··· GIVEN INFORMATION

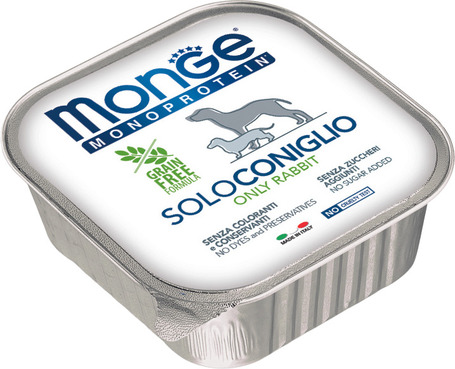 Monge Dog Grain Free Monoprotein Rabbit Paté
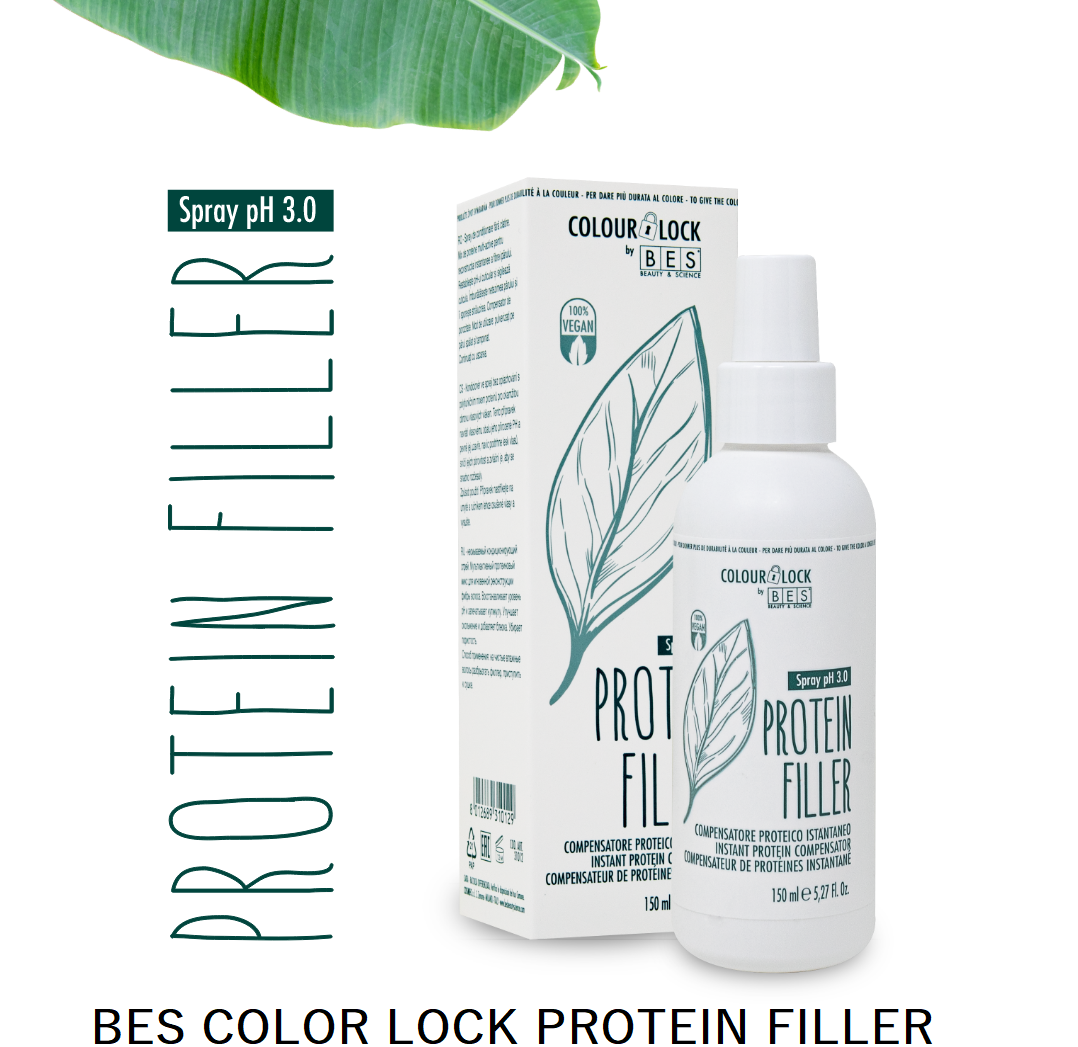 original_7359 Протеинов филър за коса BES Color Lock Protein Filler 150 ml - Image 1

······
··· GIVEN INFORMATION

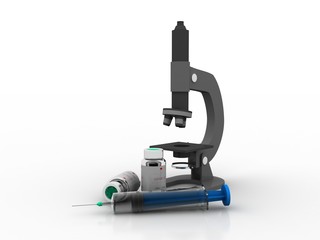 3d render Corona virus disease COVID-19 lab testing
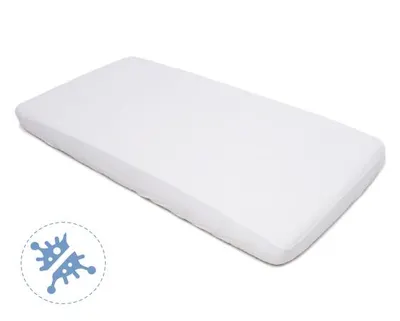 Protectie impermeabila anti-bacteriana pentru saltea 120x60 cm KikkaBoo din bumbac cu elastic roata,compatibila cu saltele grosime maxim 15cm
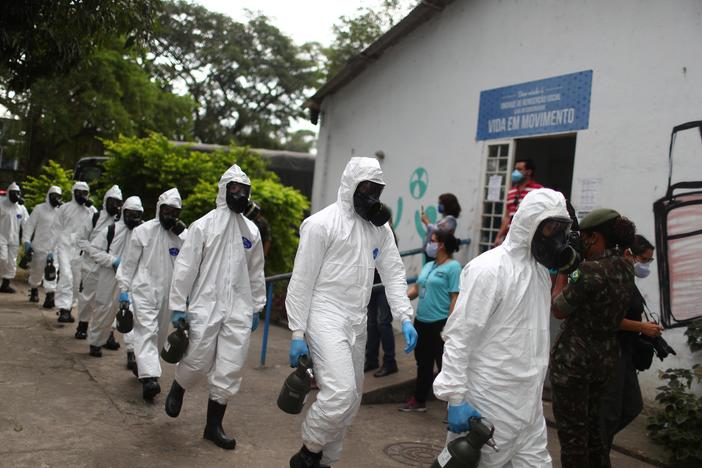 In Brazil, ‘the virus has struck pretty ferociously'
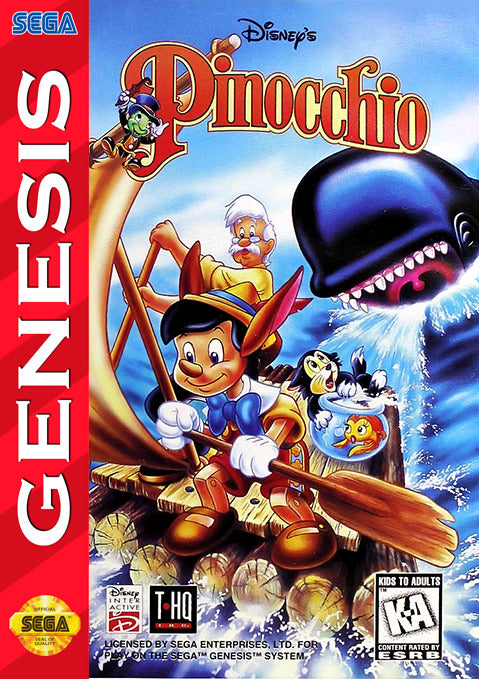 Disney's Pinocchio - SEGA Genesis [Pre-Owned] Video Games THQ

······
··· GIVEN INFORMATION

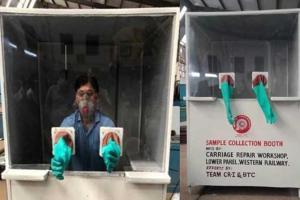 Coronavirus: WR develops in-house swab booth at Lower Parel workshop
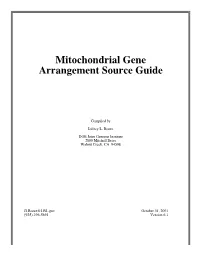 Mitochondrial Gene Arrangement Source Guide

······

=== PROBLEM STATEMENT ===
Write out word for word the lines of the listing above from the line with "Monge Dog Grain Free Monoprotein Rabbit Paté" to the line with "original_7359 Протеинов филър", taking in both of those lines but no pictures.

=== RESULT OF THE EXERCISE ===
 Monge Dog Grain Free Monoprotein Rabbit Paté
 original_7359 Протеинов филър за коса BES Color Lock Protein Filler 150 ml - Image 1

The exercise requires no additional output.